This systematic review and meta-analysis aimed to investigate the association between dizziness and future falls and related injuries in older adults.
EMBASE, CINAHL Plus, SCOPUS, and PsycINFO databases were searched from inception to 5 February 2024. The review was registered on PROSPERO (CRD42022371839). Meta-analyses were conducted for the associations of dizziness with future falls (including recurrent and injurious falls). Three meta-analyses were performed on different outcomes: any-type falls (1+ falls), recurrent falls (2+ falls), and injurious falls.
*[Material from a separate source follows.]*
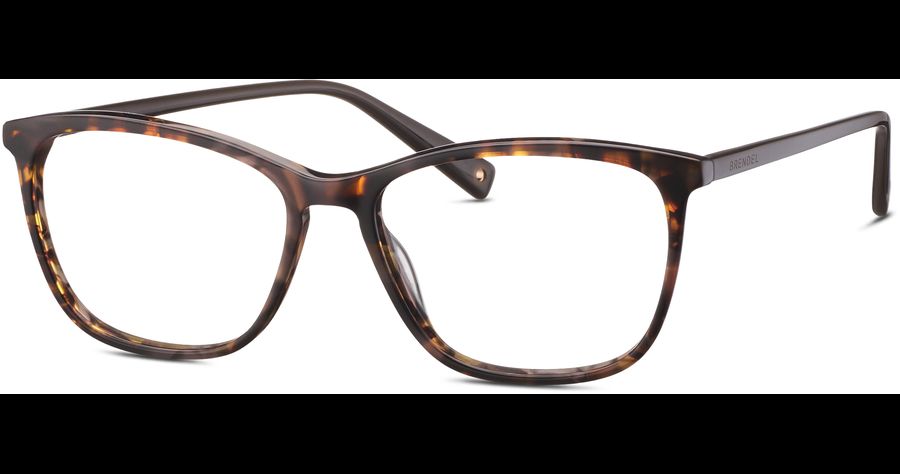 Brendel Brille Damen Brendel 903203 52 60 Ansicht 1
Twenty-nine articles were included in the systematic review (N=103,306 participants). In a meta-analysis of 14 articles (N=46,795 participants), dizziness was associated with significantly higher odds of any-type future falls (OR=1.63, 95% CI=1.44-1.84). In another meta-analysis involving 7 articles (N=5,630 participants), individuals with dizziness also had a significantly higher odds of future recurrent falls (OR=1.98, 95% CI=1.62-2.42). For both meta-analyses, significant overall associations were observed even when adjusted for important confounding variables. In contrast, a meta-analysis (3 articles, N=46,631 participants) revealed a lack of significant association between dizziness and future injurious falls (OR=1.12, 95% CI=0.87-1.45).
Dizziness is an independent predictor of future falls in older adults. These findings emphasise the importance of recognising dizziness as a risk factor for falls and implementing appropriate interventions.
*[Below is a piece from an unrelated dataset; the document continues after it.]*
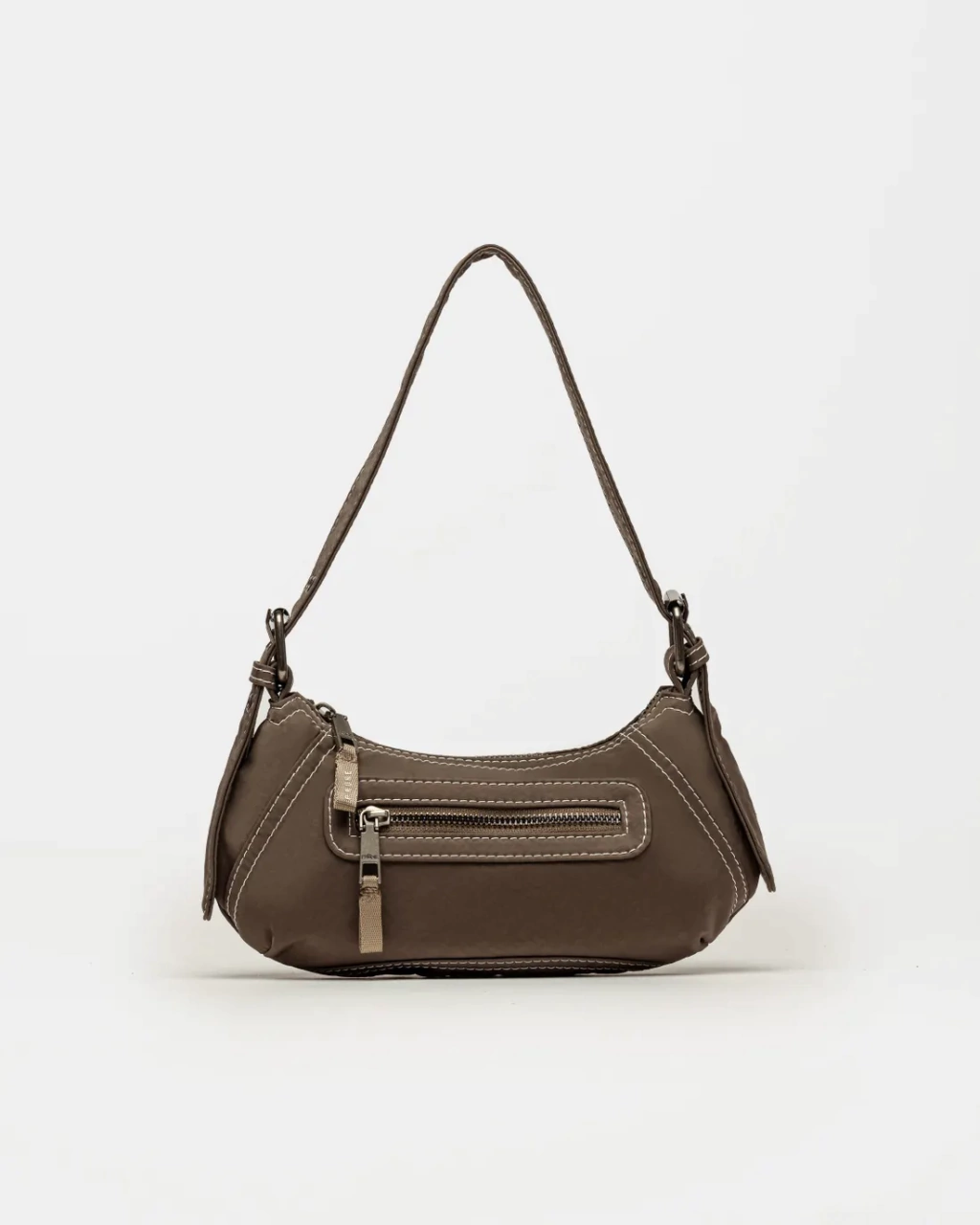 PRÜNE BOLSO HAMPTONS PI03540NU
The findings from our review further underline the importance of including dizziness as part of a multicomponent falls assessment. We recommend that clinicians working in fall prevention should regularly ask older adults about any dizziness experienced. Those presenting with dizziness should undergo a thorough neuro-otological and cardiovascular assessment to identify the specific cause of symptoms.